Even if no geopolitical strife ensued, humans would certainly experience a radical cultural transformation, as every belief system on Earth grappled with the bare fact of first contact. Buddhists would get off easy: Their faith already assumes an infinite universe of untold antiquity, its every corner alive with the vibrating energies of living beings. The Hindu cosmos is similarly grand and teeming. The Koran references Allah’s “creation of the heavens and the earth, and the living creatures that He has scattered through them.” Jews believe that God’s power has no limits, certainly none that would restrain his creative powers to this planet’s cosmically small surface.

We may be humbled to one day find ourselves joined, across the distance of stars, to a more ancient web of minds.

Christianity might have it tougher. There is a debate in contemporary Christian theology as to whether Christ’s salvation extends to every soul that exists in the wider universe, or whether the sin-tainted inhabitants of distant planets require their own divine interventions. The Vatican is especially keen to massage extraterrestrial life into its doctrine, perhaps sensing that another scientific revolution may be imminent. The shameful persecution of Galileo is still fresh in its long institutional memory. 
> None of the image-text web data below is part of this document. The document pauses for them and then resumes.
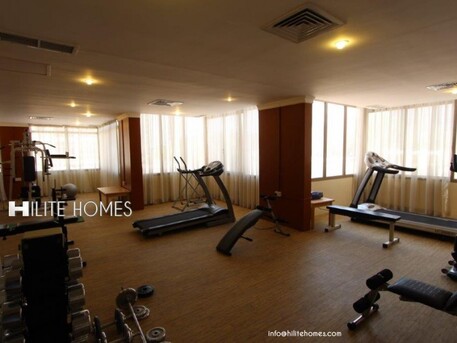 Salmiya, Apartments/Houses, KWD 550/month,  Furnished,  2 BR,  Furnished Two Bedroom Apartment In Salmiya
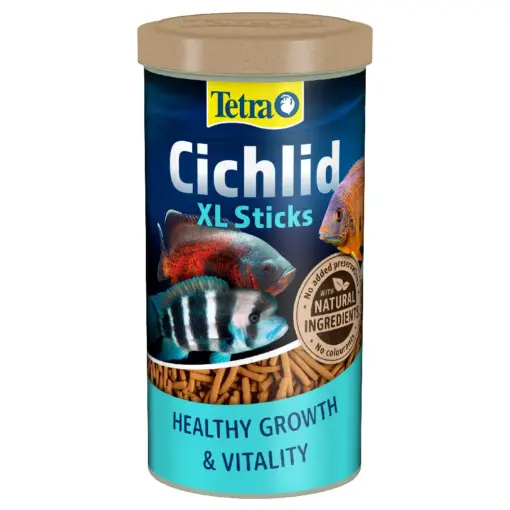 Tetra Cichlid XL Sticks Tetra Cichlid XL Sticks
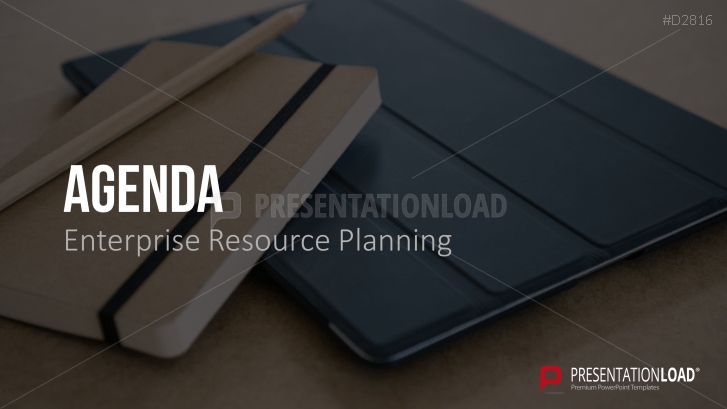 enterprise resource planning powerpoint presentation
Secular humanists won’t be spared a sobering intellectual reckoning with first contact. Copernicus removed Earth from the center of the universe, and Darwin yanked humans down into the muck with the rest of the animal kingdom. But even within this framework, human beings have continued to regard ourselves as nature’s pinnacle. We have continued treating “lower” creatures with great cruelty. We have marveled that existence itself was authored in such a way as to generate, from the simplest materials and axioms, beings like us. We have flattered ourselves that we are, in the words of Carl Sagan, “the universe’s way of knowing itself.” These are secular ways of saying we are made in the image of God. 

We may be humbled to one day find ourselves joined, across the distance of stars, to a more ancient web of minds, fellow travelers in the long journey of time. We may receive from them an education in the real history of civilizations, young, old, and extinct. We may be introduced to galactic-scale artworks, borne of million-year traditions. We may be asked to participate in scientific observations that can be carried out only by multiple civilizations, separated by hundreds of light-years. Observations of this scope may disclose aspects of nature that we cannot now fathom. We may come to know a new metaphysics. If we’re lucky, we will come to know a new ethics. We’ll emerge from our existential shock feeling newly alive to our shared humanity. The first light to reach us in this dark forest may illuminate our home world too.